Correlations

The correlation tab will calculate the correlation matrix for the currently selected fitting parameters at their current value. This allows us to estimate if any parameters are strongly correlated.

(NOTE: After a fit has completed, the  final correlation matrix will be determined for the best fit values automatically and displayed on the "Fitting Details" tab. The "EPR Parameters...Correlations" tab allows us to estimate correlations from the starting values before fitting). 

The correlations are displayed as a matrix containing all possible pairwise parameter combinations. The values are in the range from -1 to 1, where 0 means no correlation, "-1" means 100% negatively correlated, and "1" means 100% correlated. The background color has a red tint proportional to the absolute correlation value.

Troublesome correlations show in dark red!

Any fitting parameter is correlated to some degree with all other parameters so a correlation of zero typically does not occur.

What are correlated parameters?

A correlation shows how much the change in one parameter can be compensated by a change in another parameter for a nearly equally good fit.

For example, if we have two parameters (A1, A2) and are trying to solve A1 + A2 = 10, there is an infinite number of solutions because the two parameters are 100% negatively correlated. Any change in A1 can be fully compensated by a change in A2 for a perfect solution. Since an increase in A1 can be compensated by a decrease in A2, the correlation is -1. IF we fix A1, there is one unique solution for A2.

What causes EPR parameters to be correlated?

All parameters are correlated to some degree. For example an increase in rate increases the amplitude of the central line that can be somewhat (but not perfectly!) compensated by a decrease in scale. Rate and scale are thus correlated with a negative value.  Even a relatively strong correlation might be OK, but If two parameters are highly correlated (e.g. |r|>0.95), one of them needs to be fixed at a reasonable value to successfully fit for the other.

In EPR, a very strong correlation exists between the isotropic g value (g1) and the shift parameter, because they both move the spectrum left or right without changing the lineshape much. The correlation between "g1" and "shift" will be close to 1.0.

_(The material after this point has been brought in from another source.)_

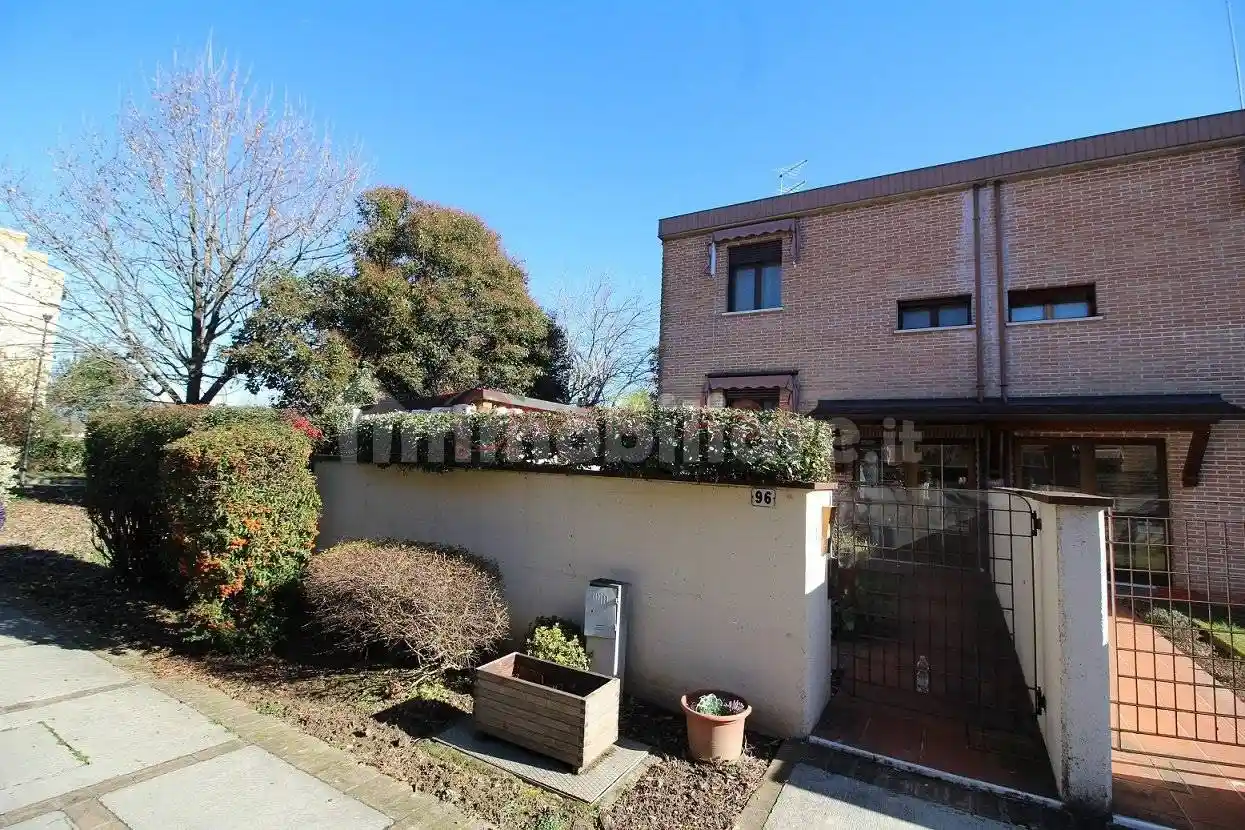 Villetta a schiera in vendita a Cittadella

Correlation might depend on the values of other parameters. For example Ax, Ay, Az are highly correlated to each other for fast motion, but uncorrelated for slow motion. For fast motion, only fit for A1, i.e. the isotropic average.

Use the correlation tool to potentially identify correlations between the parameter estimates, but note that the correlations could be different at the best fit values. The correlations will be most meaningful if the parameter estimates are reasonable.